Lennestadt: Stammtischbrüder per Zufall neue Schützenbrüder

BILSTEIN. Wie sechs junge Männer aus dem Münsterland per Zufall Mitglieder in einem Sauerländer Schützenverein werden.

Das Bilsteiner Schützenfest startete am Freitag mit Rätselraten, als Vorsitzender Heinz Rinscheid „die sechs glorreichen Sieben" begrüßte. Malte, Leo, Mark, David, Konstantin „Kons" und Lucas, alle 26 Jahre alt, aus dem Münsterland hatten für ihre Stammtischtour die glorreiche Idee, ein Sauerländer Dorf-Schützenfest mitzufeiern.

Leider gab es im Ort kurz vorm Festbeginn nur noch Übergrößen.

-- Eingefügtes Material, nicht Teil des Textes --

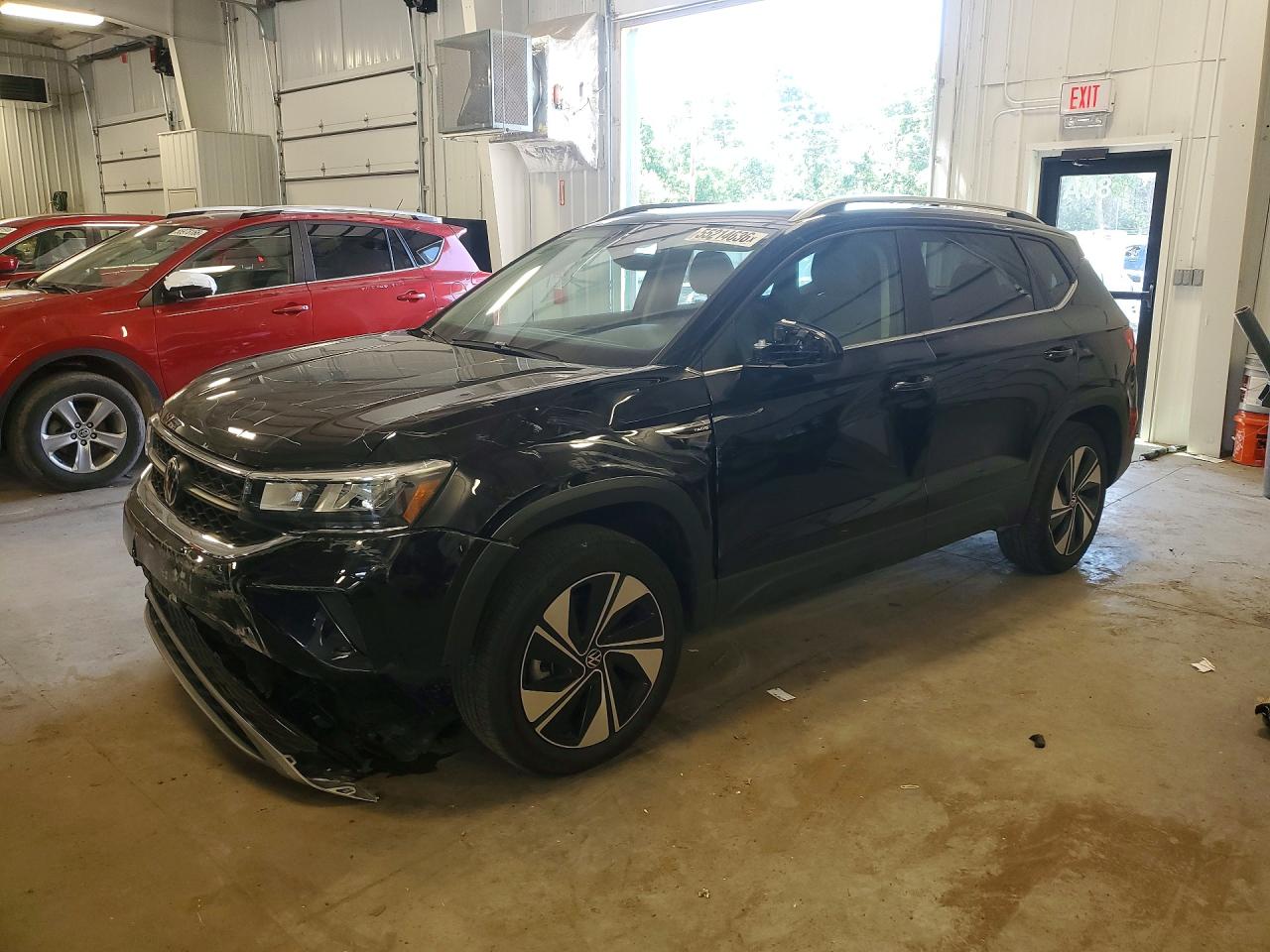 Salvage Volkswagen Taos Image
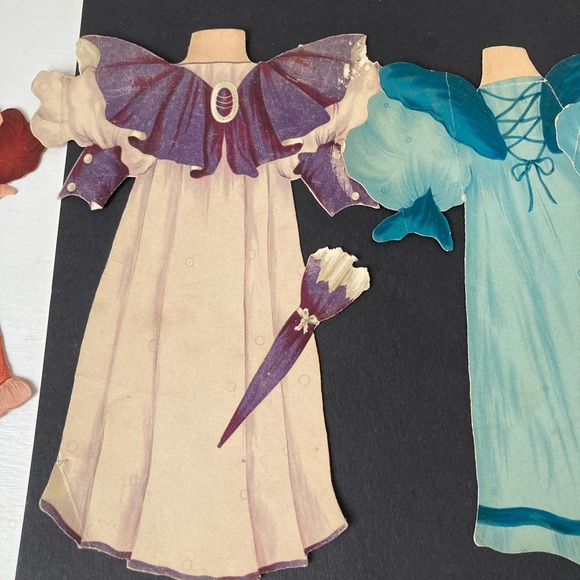 Vintage | Raphael Tuck & Sons Paper Doll Dresses & Hats Set - Blue, Teal, Cream - Picture 5 of 11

Der Stammtisch "Die sechs glorreichen Sieben" auf dem Schützenfest in Bilstein. Foto: Daria Allebrodt / WP

„Da unser Stammtisch in diesem Jahr sein fünfjähriges Jubiläum feiert, wollten wir etwas Besonderes machen und mal richtig Schützenfest in einem kleinen Dorf feiern", erzählt Mark vom Planungskomitee. Dass sie ausgerechnet in dem Burgort landeten, war quasi reiner Zufall, bzw. Google, das den Namen Bilstein für die Fahrt ins Blaue ausspuckte. In den letzten Jahre waren sie in der Eifel, in Holland und einmal sogar in Warstein gelandet. „Sozusagen unser erstes Mal im Sauerland. Wir waren Zelten und natürlich auch in der Brauerei", sagt Leo.

Eine gewisse Brauereierfahrung beim Schützenfest ist keine schlechte Vorbereitung, aber wer wie Einer unter Gleichen das ganze Programm mitmachen will, braucht mehr. Deshalb kleideten sich die Bilsteiner Neuschützen mit weißen Hosen und Hemden ein und natürlich durfte die Schützenkappe nicht fehlen. Leider gab es im Ort kurz vorm Festbeginn nur noch Übergrößen.

„Wir haben einfach die genommen, die noch da waren. Hauptsache, wir haben welche", waren sie sich einig. Und auch die Beitrittserklärung für den Schützenverein unterschrieben die sechs Münsterländer anstandslos. Am Donnerstag, einen Tag vor dem Fest, reisten sie an. „Wir wurden herzlich empfangen. Erst am Donnerstag bei Heinz Rinscheid und am Freitag beim Antreten haben uns alle begrüßt und mitgenommen", berichtet Mark: „Ich war mir nicht sicher, ob wir in die Gemeinschaft aufgenommen werden. Die Sorge war völlig unberechtigt."


Zwei der Stammtischbrüder zur späteren Stunde vor der Ahnentafel des Schützenvereins Bilstein. Foto: Volker Eberts / WP

Schützenmesse, drei Mal Vogelschießen, Bierprobe, die Festbälle, Frühschoppen, das ganze Programm machten die glorreichen Sieben mit und wissen nun, dass Schützenfest feiern im Sauerland nicht nur schön, sondern auch anstrengend ist und ein gutes Stehvermögen braucht. Und was hat euch am besten gefallen? „Alles zusammen. Die Melange, die Mischung macht es aus," sagt Mark und spielte damit auf die Predigt von Pfarrer Markus Leber in der Schützenmesse an. Der Pfarrer sagte, dass man Schützenfest nicht in einem Satz beschreiben könne, sondern viele Gesichter habe.

Aus ihrer Heimat im Münsterland kannten sie bereits etliche Schützenfeste, aber in einem fremden Ort zu feiern, das sei noch mal ganz anders gewesen.

Heimat ganz nah

Am Freitagabend allerdings war die Heimat auch im fernen Sauerland plötzlich wieder ganz nah für die sechs Freunde, die zusammen ihr Abitur machten. Bei der Bierprobe trafen sie auf eine Damengruppe ebenfalls aus dem Münsterland, die sich auf den Weg zum Bilsteiner Schützenfest aufgemacht hatten, um eine Freundin zu besuchen. Schnell wurde klar, dass die Damen zum Teil wie sie im gleichen Ort wohnen.

Das Gelächter war groß, als sich eine der Damen neben einen der Glorreichen stellte und rief: „Kann bitte jemand mal ein Foto machen? Ich mache mit seiner Mutter zusammen Sport."